Associés majoritaires : quelle attitude adopter ?
En premier lieu, les associés majoritaires peuvent se contenter de s’en tenir à l’unanimité pour adopter les clauses prévoyant les motifs d’exclusion et le prix de cession correspondant, ainsi que pour modifier ces clauses. Une telle attitude limitera nettement le risque contentieux.
Toutefois, au regard de la règle édictée à l’alinéa 2 de l’article L. 227-19 du code de commerce, les associés majoritaires devraient pouvoir valablement introduire ou modifier une clause d’exclusion en passant outre l’accord d’un ou de plusieurs associés dès lors que les règles statutaires de majorité les y autorisent. A cet égard, l’exigence d’une majorité simple ou qualifiée est envisageable pour l’adoption ou la modification de la clause d’exclusion proprement dite. On conseillera en revanche de maintenir l’unanimité pour la clause de rachat des actions cédées.

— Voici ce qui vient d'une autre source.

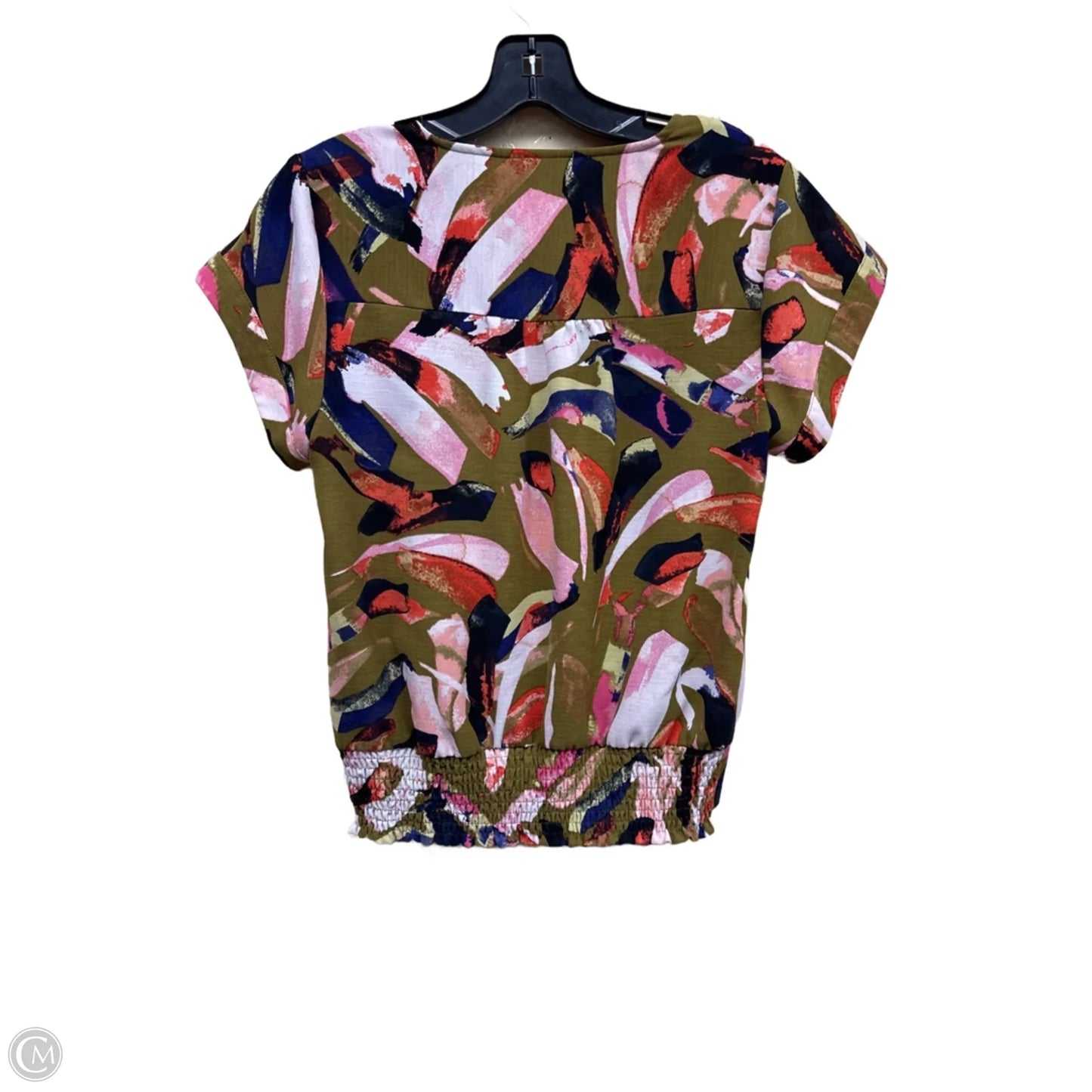 Top Short Sleeve By Nine West In Multi-colored, Size: S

Clause relative à l’exclusion proprement dite
Au regard des textes applicables, il ne paraît pas déraisonnable d’adopter ou de modifier à la majorité prévue par les statuts une clause fixant des motifs d’exclusion conformes à l’intérêt social, l’organe compétent pour prononcer la décision d’exclusion et la procédure à suivre. Il conviendra de déterminer précisément ces motifs d’exclusion dans les statuts de SAS à capital fixe, la possibilité de prévoir dans les statuts une exclusion pour « justes motifs » n’ayant jusqu’à présent été clairement admise que pour les sociétés commerciales à capital variable (voir, ci-dessus, « Motif d’exclusion stipulé par les statuts »). Les motifs d’exclusion manifestement opportunistes devront être proscrits, les risques d’annulation de la décision d’exclusion pour abus de majorité, abus de droit ou fraude paraissant sérieux dans un tel cas.
Clause relative au prix de rachat
La fixation du prix de rachat relatif à l’exclusion nous paraît constituer un foyer majeur du risque contentieux, notamment sur le terrain de l’abus de majorité. Il est en effet vraisemblable que les juges intégreront le paramètre « prix » parmi les critères d’appréciation de cet abus. Au demeurant, le Conseil constitutionnel les y invite indirectement en indiquant que le prix de cession des actions peut être contesté en justice.
Dès lors, même si les textes n’appellent pas autant de précaution, on recommandera aux associés de fixer à l’unanimité, dans une clause des statuts ou d’un pacte extrastatutaire, le prix de rachat ou ses modalités de détermination ; il faudra, par ailleurs, verrouiller cette clause en stipulant qu’elle ne peut être modifiée qu’à l’unanimité des associés. A défaut d’accord unanime sur ces deux points, une décision adoptée à la majorité des associés devra prévoir que le prix de rachat est fixé d’un commun accord entre les parties ou, à défaut d’accord, par un expert désigné dans les conditions prévues à l’article 1843-4 du code civil (pour une façon concrète de procéder en assemblée, v. Elnet Dr. aff., 30 juin 2020 in fine, G. Lesage). Dans tous les cas, si des décotes sont prévues, elles devront être associées à des motifs sérieux (voire graves si l’unanimité n’a pas été obtenue) et fixées à des pourcentages raisonnables.